United States District Court, S.D. West Virginia, Charleston Division

February 16, 2018



          Cheryl A. Eifert, United States Magistrate Judge.

         Pending before the Court is Movant David Brandon Ball's Motion under 28 U.S.C. § 2255 to Vacate, Set Aside or Correct a Sentence by a Person in Federal Custody. (ECF No. 25). This matter is assigned to the Honorable John T. Copenhaver, Jr., United States District Judge, and by Standing Order has been referred to the undersigned United States Magistrate Judge for the submission of proposed findings of fact and recommendations for disposition pursuant to 28 U.S.C. § 636(b)(1)(B). After thorough consideration of the record, the undersigned conclusively FINDS that Movant is not entitled to the relief requested. For the reasons that follow, the undersigned RECOMMENDS that the presiding District Judge DENY Movant's motion, DISMISS this civil action, with prejudice, and remove it from the docket of the Court.

         I. Factual and Procedural Background

         On November 25, 2014, Movant was indicted in the United States District Court for the Southern District of West Virginia on the charge of conspiracy to commit mail fraud in violation of 18 U.S.C. § 1349. (ECF No. 29-1). On April 13, 2015, Movant pled guilty to a single-count Information charging him with conspiracy to commit mail fraud. (ECF Nos. 29-2, 29-3, 29-8). Movant was sentenced on July 8, 2015 to a term of 37 months imprisonment followed by three years of supervised release. (ECF No. 29-7). Movant's sentence of imprisonment was determined, in part, by calculating his total offense level under the United States Sentencing Guidelines (“USSG”) effective November 1, 2014. (ECF No. 29-9 at 39-40). Under the relevant guidelines, Movant received a total offense level of 21, which corresponded to a sentence range of 37-46 months in prison. Movant's total offense level was calculated by beginning with a base offense level of six; that level was then increased or decreased based on various factors. (Id.). One factor was the pecuniary harm associated with Movant's offense. USSG § 2B1.1(b), which addressed specific offense characteristics, included a loss table. The loss table outlined specific levels by which Movant's base offense level should be increased to account for the amount of monetary loss suffered by Movant's victims. In Movant's case, the loss was greater than $200, 000, but less than $400, 000; accordingly, the loss table dictated that 12 levels be added to Movant's base offense level.

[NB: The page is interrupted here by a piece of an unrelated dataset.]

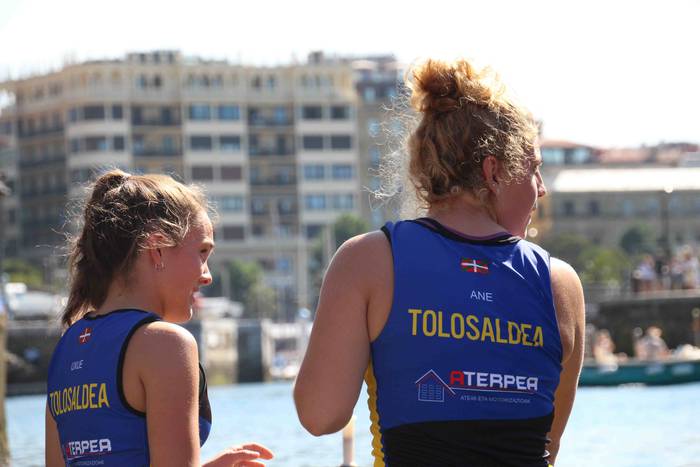 Tolosaldea Kontxako lehen es 116 1535896133666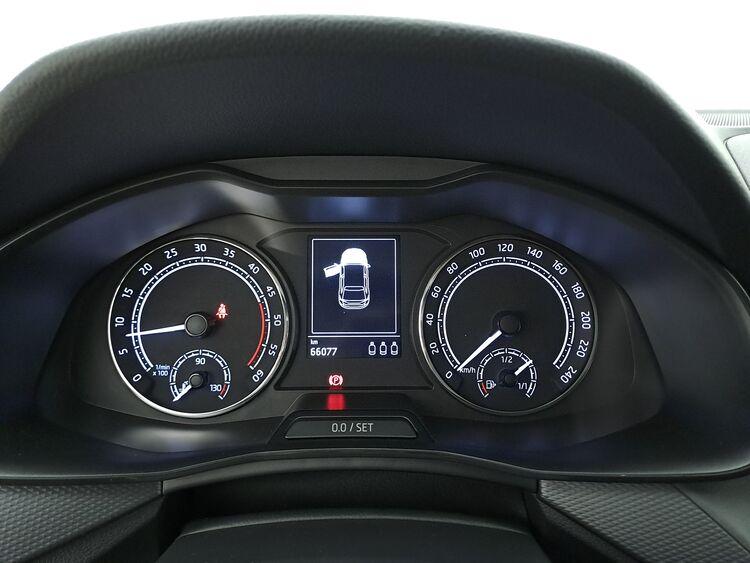 Skoda Scala Ambition DSG BR831046 1.6 Diesel 116CV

         On November 1, 2015, new guidelines became effective, which changed the loss table. Under the new guidelines, the monetary loss associated with Movant's crime fell at the level between $150, 000 and $250, 000. See USSG § 2B1.1(b) (2015). This range of loss dictated a 10-level increase of the base offense level-two less than the increase given to Movant in April 2015. Had Movant received a 10-level increase, rather than a 12-level increase, his total offense level would have been 19, which corresponded to a sentence range of 30-37 months.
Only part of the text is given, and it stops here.